The breadth and depth of change at Starbucks makes for interesting times for competitors, which face decisions about chasing or imitating the giant or somehow counter-programming against it.
But what’s also fascinating to watch for everyone in retailing is not just the experiments that grow into new lines of business but the ventures on which the company pulls the plug.
That’s happened twice in recent weeks with Starbucks.
First, the company announced it is closing its 379 Teavana stores (local locations include the Tacoma and Southcenter malls.) The company will continue selling that brand of teas in its Starbucks outlets.
“Many of our Teavana mall-based stores have been persistently underperforming,” Chief Executive Kevin Johnson said on a conference call with investment analysts in July.
“We conducted a strategic review of the Teavana mall-based store business and concluded that despite our efforts to reverse the trend through creative merchandising and new store designs, the underperformance was likely to continue.”
This isn’t what mall properties needed to hear right now, struggling as they are with store closings by so many national retail chains.
One more departure not only eliminates whatever lease revenue that tenant was generating, it also removes one more draw of customers to that mall property. That affects foot traffic at other stores, which prompts more closures, and on spins the vicious cycle.
(In an earlier quarterly call in which executives warned Teavana’s future was under review, they also noted that “because Starbucks is a customer destination, profitability in our Starbucks mall store has largely been unaffected.”)
Mall owners are furiously rethinking the types of tenants they put in their properties. It’s no shock that some of the proposals for that other company’s second headquarters involve repurposing malls that couldn’t make a transition and closed.
A major factor in the woes of mall operators is online retailing, a segment of the business that Starbucks, interestingly enough, just pulled out of.
The other move Starbucks made this month was to turn out the lights on its online store as of Oct. 1. Many of the items, such as packaged coffee, tea and accessories, are still available in Starbucks stores.
That, in fact, seems to be the point.
Starbucks talks a lot about the need to integrate digital technology into what it does, but in its definition digital means ease of ordering and payment, and as a channel to offer deals and reward frequent shoppers. It does not include online shopping.

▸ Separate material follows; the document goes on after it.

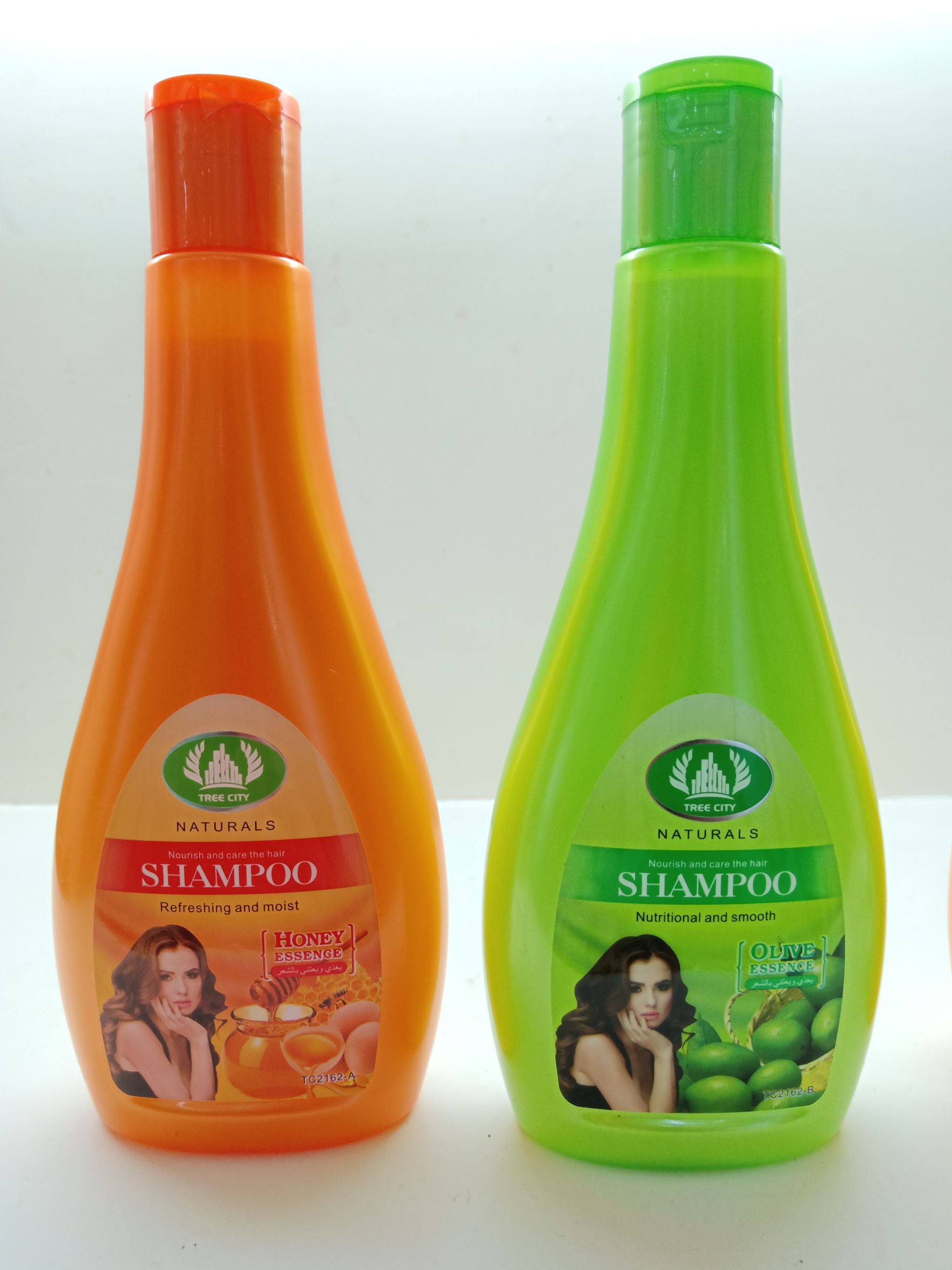 A small bottle of 400ml shampoo and eggs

Chairman Howard Schultz described it thusly in that earlier conference call: “Every retailer that is going to win in this new environment must become an experiential destination. Your products and services for the most part cannot be available online and cannot be available on (name of that other online retailer here.)”
That’s a bold move, especially in an era in which the extinction of the physical store is proclaimed daily. It’s likely to give palpitations to retailers wondering whether they need to be imitating Starbucks again.
Perhaps giving up online won’t matter to Starbucks, given its near ubiquitous physical presence through which to sell stuff. Can others without that prominence or reach afford to copy it?
So here you have Starbucks signaling that bricks-and-mortar retailing is core to its existence and success, even as it also signals that one particular type of bricks-and-mortar retailing no longer works for it.
The strategy may work, or Starbucks could pivot tomorrow to some other model that will bring people in and sustain growth.
We’ll learn a lot about consumers and retailing by paying attention not only to what a company such as Starbuck does but also to what it undoes.